Unconditional extension

By offering an unconditional extension until April 12th, EU leaders would move the no-deal Brexit cliff edge by three weeks but keep the pressure on MPs to back the prime minister’s deal next week.

Earlier on Thursday, Labour leader Jeremy Corbyn and shadow Brexit secretary Keir Starmer met EU chief negotiator Michel Barnier and European Commission secretary general Martin Selmayr.

Mr Corbyn said he did not believe Mrs May’s deal was the right way forward but that his proposal for a softer Brexit, including full customs union membership, could command a majority.

“We think that what we’re proposing can be achieved in the British parliament; we do believe we can construct a majority that will prevent the crashing out and all the chaos that will come from crashing out and that’s what we’re absolutely focused on,” he said.

Various factions

Among the difficulties Mrs May has faced in attempting to win parliamentary approval for her deal is the fact that various factions of MPs remain confident that they can secure their preferred option for Brexit. The House of Commons has already shown that there is a majority against a no-deal Brexit, so Brexiteers have an incentive to vote for the prime minister’s deal rather than risk a long delay or a softer Brexit.

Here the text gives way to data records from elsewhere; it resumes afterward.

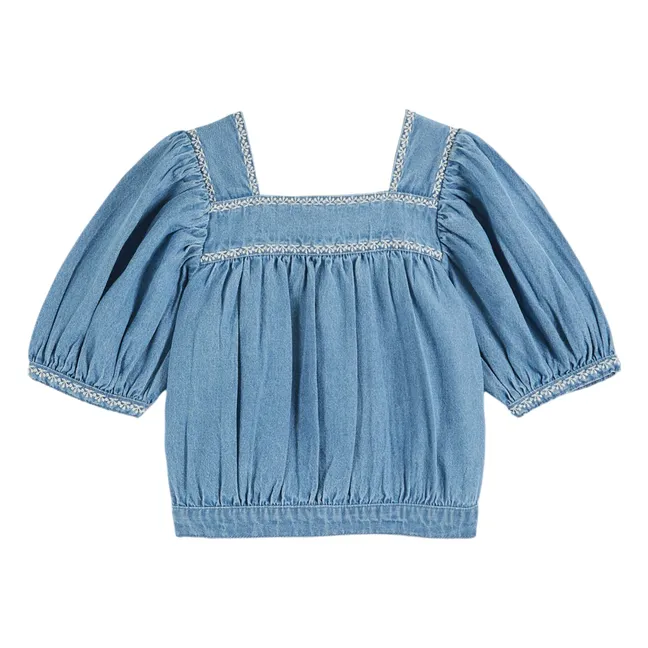 Blouse Chambray Brodée | Denim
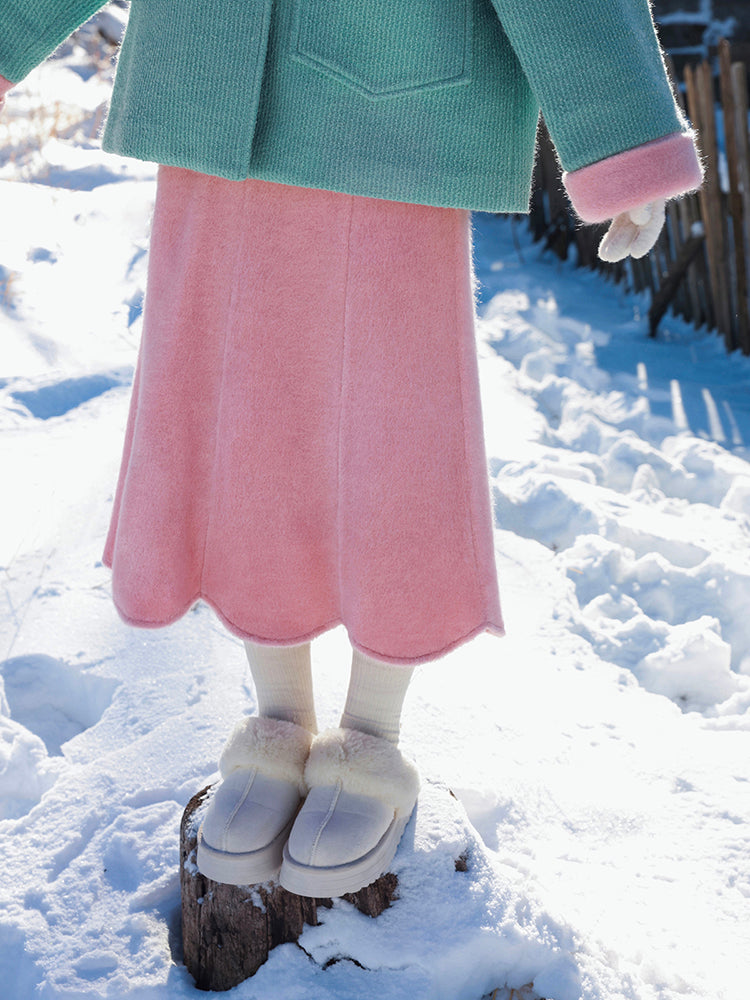 Dopamine Cloud Mint Coat & Blush Bud Skirt-ntbhshop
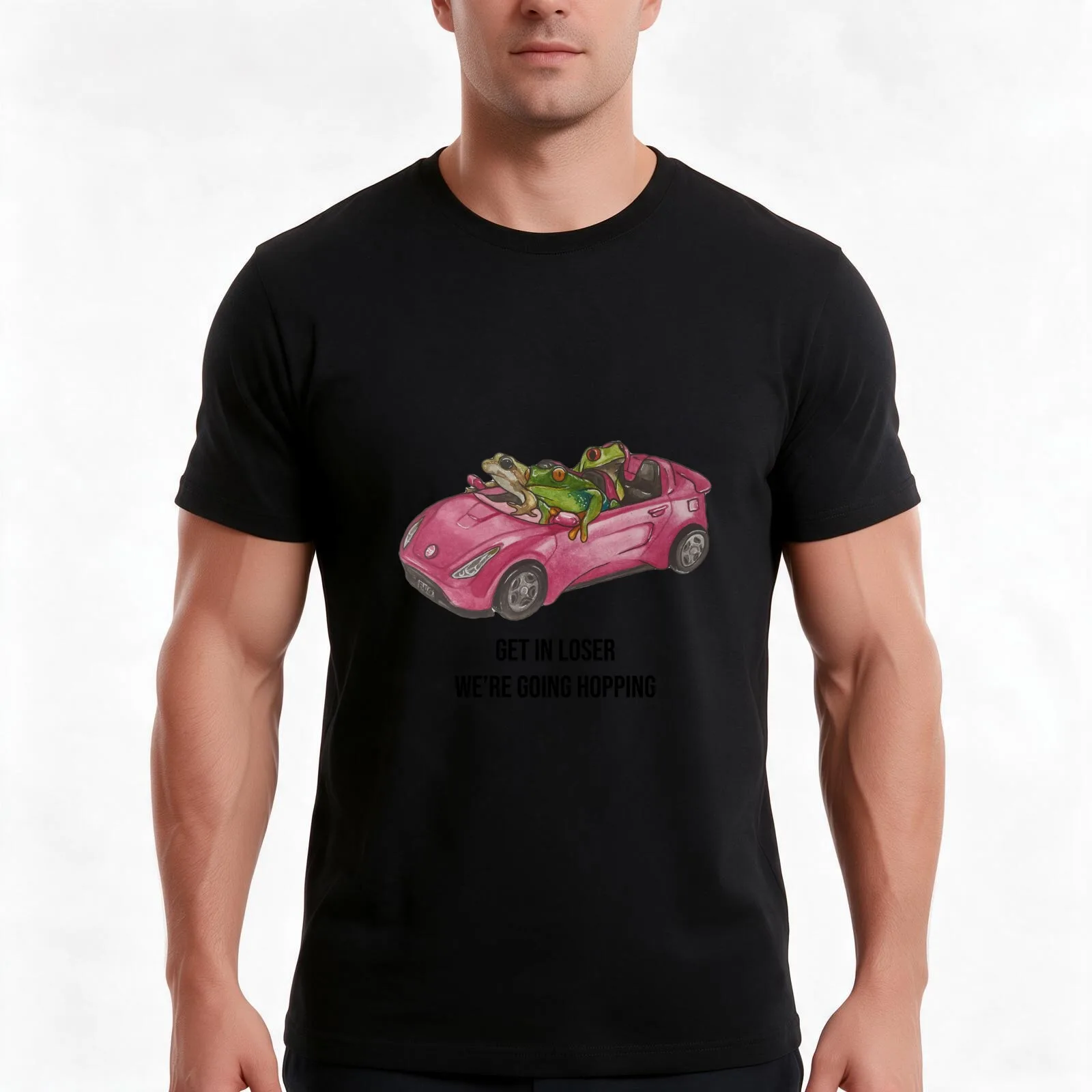 Mean Girls we're going hopping frog parody T-Shirt, Summer Casual Cotton Tee, Oversized Streetwear Tops, Vintage Graphic Print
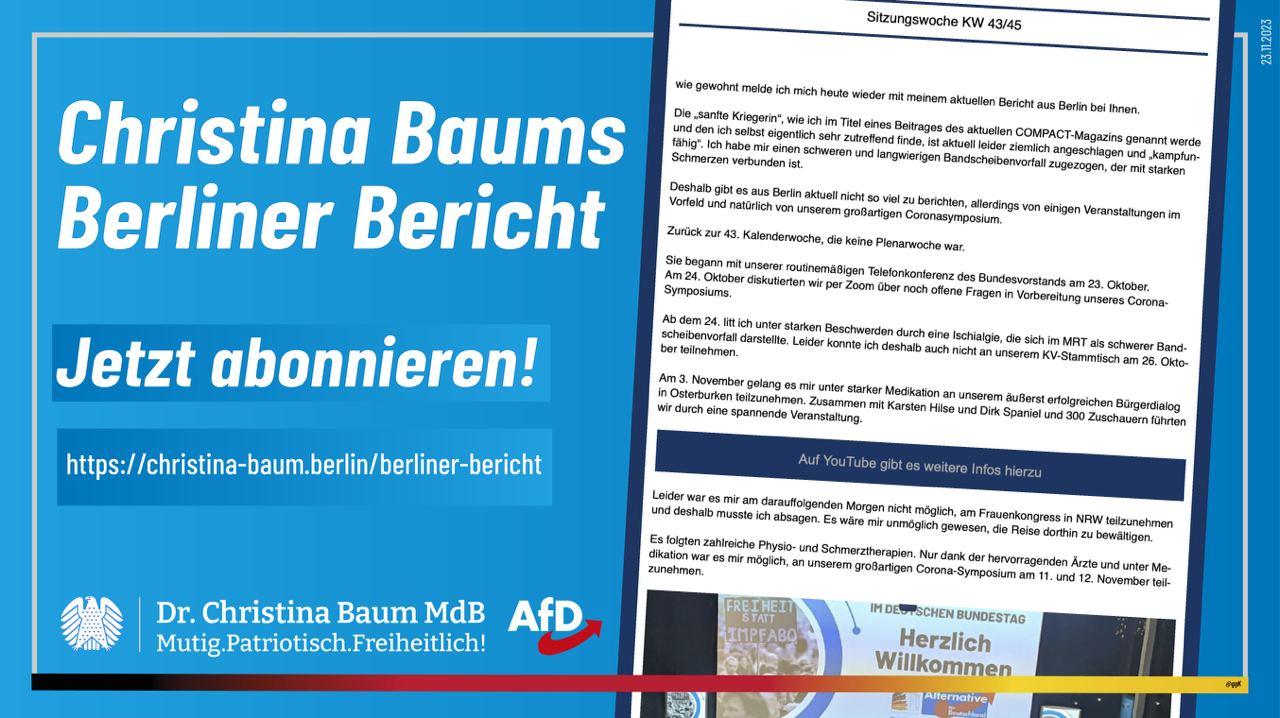 Christinas Berliner Bericht für die ...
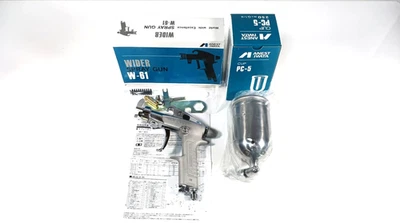 Pistola pulverizadora de pintura "sin usar" ANEST IWATA modelo W-61-1G boquilla 1,0 mm taza PC-5 Japón T Foto 1 de 4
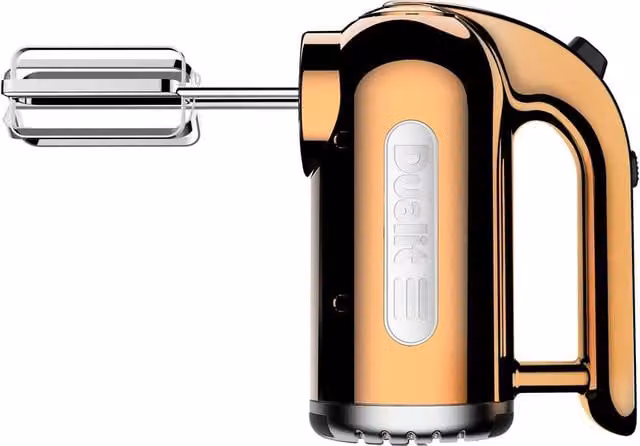 Dualit 4 Speed Hand Mixer with Accessories in Copper and Gold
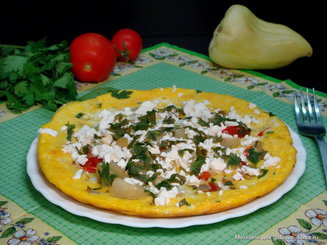 Миш-маш болгарская яичница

Advocates of a second referendum have withheld support until now for a softer version of Brexit but they could be faced with a choice between Mrs May’s deal and something like Labour’s formula of a customs union and close alignment with the single market.

The EU leaders have deftly wiped their fingerprints from the threat of a no-deal Brexit but they have left Mrs May and British MPs with a series of unpalatable and potentially perilous choices. And as the British prime minister sat in a delegation room while 27 other EU leaders determined her options for Brexit, her country’s national humiliation was laid bare as never before.